WHAT YOU SHOULD DO
Lines before the one containing "لباس شب پولک دار با قد کوتاه و باریک" are left out; copy that line and every later line through the end of the data exactly.

DATA PROVIDED
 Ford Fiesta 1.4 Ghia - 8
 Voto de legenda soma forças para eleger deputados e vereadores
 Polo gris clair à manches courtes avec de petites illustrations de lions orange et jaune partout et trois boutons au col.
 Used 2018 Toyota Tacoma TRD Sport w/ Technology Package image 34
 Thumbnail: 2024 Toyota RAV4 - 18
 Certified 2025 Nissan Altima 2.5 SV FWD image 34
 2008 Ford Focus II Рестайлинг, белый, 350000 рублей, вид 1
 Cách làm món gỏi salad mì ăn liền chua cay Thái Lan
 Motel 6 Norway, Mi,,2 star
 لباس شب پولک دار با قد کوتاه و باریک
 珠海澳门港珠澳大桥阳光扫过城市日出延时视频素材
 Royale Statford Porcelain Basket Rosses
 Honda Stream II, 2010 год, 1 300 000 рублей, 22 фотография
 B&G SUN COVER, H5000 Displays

ANSWER TO THE PROBLEM
 لباس شب پولک دار با قد کوتاه و باریک
 珠海澳门港珠澳大桥阳光扫过城市日出延时视频素材
 Royale Statford Porcelain Basket Rosses
 Honda Stream II, 2010 год, 1 300 000 рублей, 22 фотография
 B&G SUN COVER, H5000 Displays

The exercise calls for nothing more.